B. Compensation. Compensation is anything of monetary value (for example, money, gifts, awards, and trips), but does not include non-monetary compensation valued at $250 or less, in the aggregate, during the term of the contract or arrangement.

1. Direct” compensation is compensation received directly from the covered plan.

2. Indirect” compensation is compensation received from any source other than the covered plan, the plan sponsor, the covered service provider, an affiliate, or a subcontractor (if the subcontractor receives such compensation in connection with services performed under the subcontractor’s contract or arrangement described in paragraph viii (F) below.

3. A description or an estimate of compensation may be expressed as a monetary amount, formula, percentage of the covered plan's assets, or a per capita charge for each participant or beneficiary or, if the compensation cannot reasonably be expressed in such terms, by any other reasonable method. Any description or estimate must contain sufficient information to permit evaluation of the reasonableness of the compensation.
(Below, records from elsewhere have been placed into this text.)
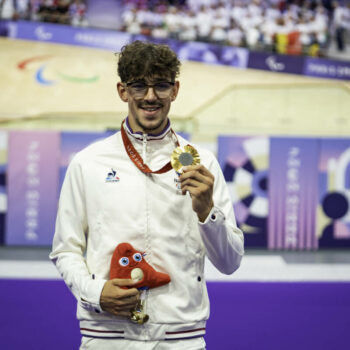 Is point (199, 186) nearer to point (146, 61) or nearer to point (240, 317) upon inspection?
point (146, 61)

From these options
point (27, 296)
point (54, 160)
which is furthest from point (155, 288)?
point (54, 160)

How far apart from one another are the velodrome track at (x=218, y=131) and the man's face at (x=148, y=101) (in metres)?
2.52

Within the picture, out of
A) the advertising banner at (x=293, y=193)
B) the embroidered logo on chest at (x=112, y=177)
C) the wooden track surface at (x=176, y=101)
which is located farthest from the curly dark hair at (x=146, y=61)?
the wooden track surface at (x=176, y=101)

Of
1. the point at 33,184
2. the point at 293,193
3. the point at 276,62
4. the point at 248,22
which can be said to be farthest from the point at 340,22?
the point at 33,184

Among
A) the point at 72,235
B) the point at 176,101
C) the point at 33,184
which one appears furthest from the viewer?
the point at 176,101

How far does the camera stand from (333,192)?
862 centimetres

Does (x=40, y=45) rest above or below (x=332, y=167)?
above

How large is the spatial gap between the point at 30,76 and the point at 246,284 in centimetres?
633

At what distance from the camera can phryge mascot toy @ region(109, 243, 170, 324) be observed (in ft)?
6.17

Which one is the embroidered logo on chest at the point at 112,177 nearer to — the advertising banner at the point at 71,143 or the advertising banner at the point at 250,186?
the advertising banner at the point at 71,143

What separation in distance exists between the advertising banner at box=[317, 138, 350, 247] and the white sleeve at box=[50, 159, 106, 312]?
714cm

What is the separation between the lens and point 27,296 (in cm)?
513

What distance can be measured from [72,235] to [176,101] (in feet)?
26.9

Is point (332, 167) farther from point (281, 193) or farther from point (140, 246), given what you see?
point (140, 246)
C. Designated investment alternative. A “designated investment alternative” is any investment alternative designated by a fiduciary into which participants and beneficiaries may direct the investment of assets held in, or contributed to, their individual accounts. The term “designated investment alternative” shall not include brokerage windows, self-directed brokerage accounts, or similar plan arrangements that enable participants and beneficiaries to select investments beyond those specifically designated.

D. Recordkeeping services. “Recordkeeping services” include services related to plan administration and monitoring of plan and participant and beneficiary transactions (e.g., enrollment, payroll deductions and contributions, offering designated investment alternatives and other covered plan investments, loans, withdrawals and distributions); and the maintenance of covered plan and participant and beneficiary accounts, records, and statements.

E. Responsible plan fiduciary. A “responsible plan fiduciary” is a fiduciary with authority to cause the covered plan to enter into, or extend or renew, the contract or arrangement.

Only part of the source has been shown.